Première promenade sur les lieux où se tiendra le marché proprement dit, et première surprise. Les stands sont là, presque tous en bois, édifiés par chacun des exposants.
Allons donc au renseignements. Je ne suis pas absolument certaine d’avoir tout parfaitement compris : nous avons discuté avec plusieurs personnes, dans un gloubi-boulga d’anglais, d’allemand, de français et de hongrois, le tout agrémenté de force gestes. Voici ce que nous avons réussi à percevoir de cette incroyable et merveilleuse histoire.
Il était une fois Liliomkert. Liliom, c’est le lys. Kert, c’est le marché.
Il était une fois, donc, le marché du lys...
L’un de nos informateurs possède une très jolie petite maison, juste à côté de la place du marché. Profitant de l’aubaine de la foule attirée chaque dimanche, il a ouvert un petit bistro.
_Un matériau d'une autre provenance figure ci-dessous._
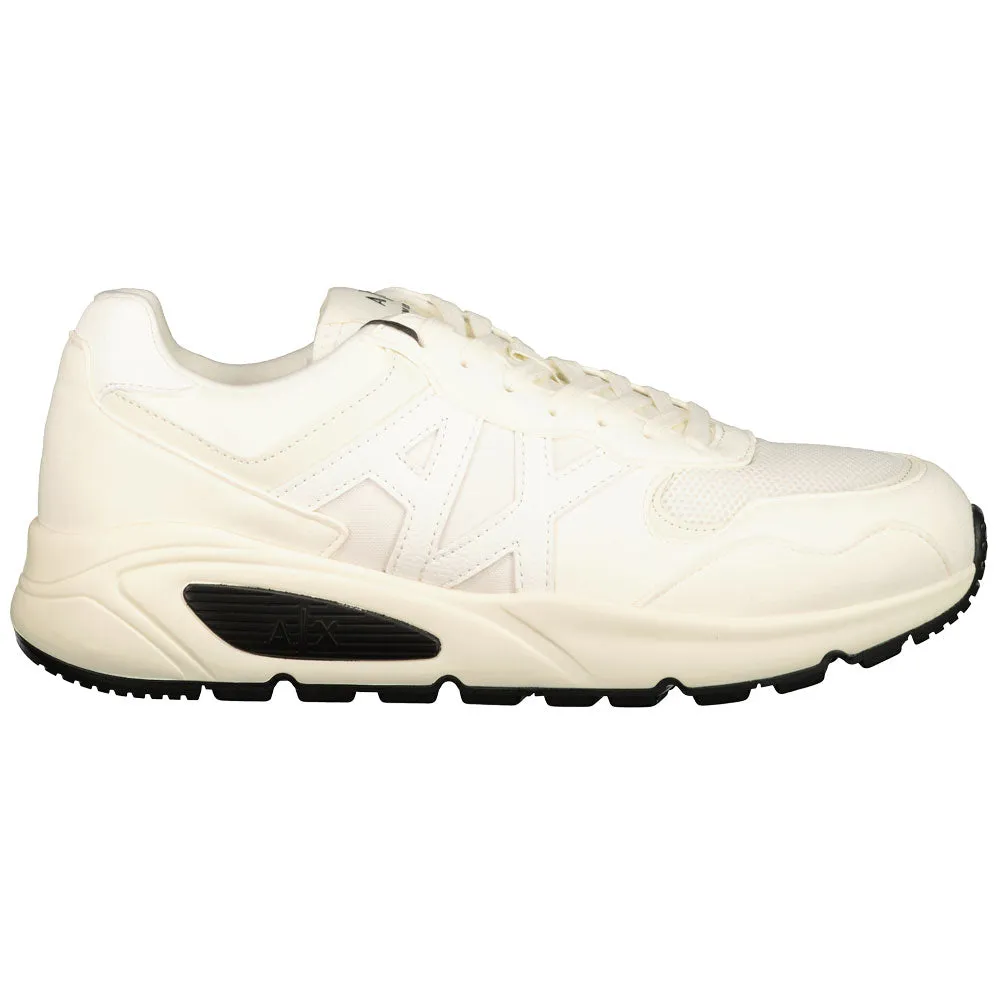 Synthetic Fibre Sneakers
ll y sert du café (ça, c’est obligé, si on veut des clients, et ce n’est pas produit maison). Toutes les autres boissons proposées sont confectionnées par lui-même : bière maison (Oswald la trouve très bonne, et il est difficile à ce sujet : c’est un vrai Boche !) et sirops maison. Sirop de fleur de sureau, sirop de pastèque, très rafraîchissant par les temps qui courent. Nous nous rendons chez lui plusieurs fois par jour : il dépose des glaçons dans nos verres, tandis que dans la roulotte, nous n’avons pas de réfrigérateur !
Ce monsieur est bavard, il parle assez correctement l’allemand, Oswald en profite pour le cuisiner un peu !
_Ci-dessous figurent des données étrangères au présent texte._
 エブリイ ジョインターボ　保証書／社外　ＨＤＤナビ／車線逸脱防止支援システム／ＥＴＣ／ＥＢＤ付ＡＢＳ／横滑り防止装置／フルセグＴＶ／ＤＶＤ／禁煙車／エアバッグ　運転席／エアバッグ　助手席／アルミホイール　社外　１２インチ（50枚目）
Tout a commencé par Ildiko, une femme idéaliste bien décidée à concrétiser ses utopies. Ildiko, donc, propriétaire d’un magnifique morceau de campagne hongroise, à la toute extrémité d’un petit village baptisé Káptalantóti. Cinq kilomètres du Balaton. Pas excessivement loin de Budapest. Jolie région de collines où de petits artisans et paysans tentent de survivre assez chichement. C’est bien joli de travailler. De résister à l’appel de la ville et du salariat. Encore faut-il pouvoir vendre sa production.
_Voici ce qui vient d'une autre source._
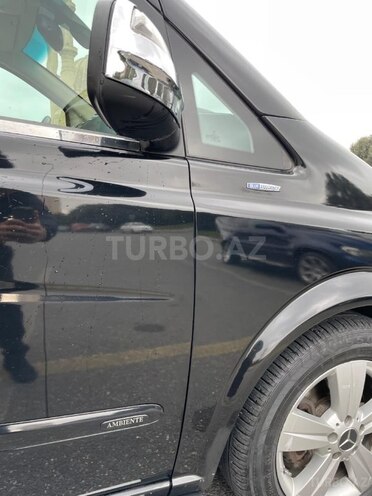 Mercedes Viano 2012, 248,000 km - 3.0 л - Bakı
Ildiko rêve d’une société meilleure, à échelle humaine, où l’on pourrait se rencontrer, parler, s’entraider, agir ensemble, et vivre du labeur que l’on a choisi et que l’on aime. Éveiller, ici en Hongrie, la conscience environnementale et sociale. Si tu peux faire quelque chose, même une chose minuscule, fais-la ! Quel beau projet ! Mais comment le réaliser ?
Alors ce vaste terrain boisé... pourquoi ne pas le mettre à la disposition des petits producteurs des environs ? Pain bio, vin bio, vestes de laine, fromage bio, charcuterie maison, dentelle, jouets de tissu, fer forgé, chemisiers, et même, ce n’est pas interdit, livres d’occasion et quelques antiquités ?
Ceux que ça intéresse, levez le doigt !
Et ils arrivent ! Ildico propose à chacun un petit lopin gratos. Condition : tu te construis un stand avec ce que tu as sous la main : du bois, des briques, du fer, de la récup... Comme tu le sens, suivant ton goût.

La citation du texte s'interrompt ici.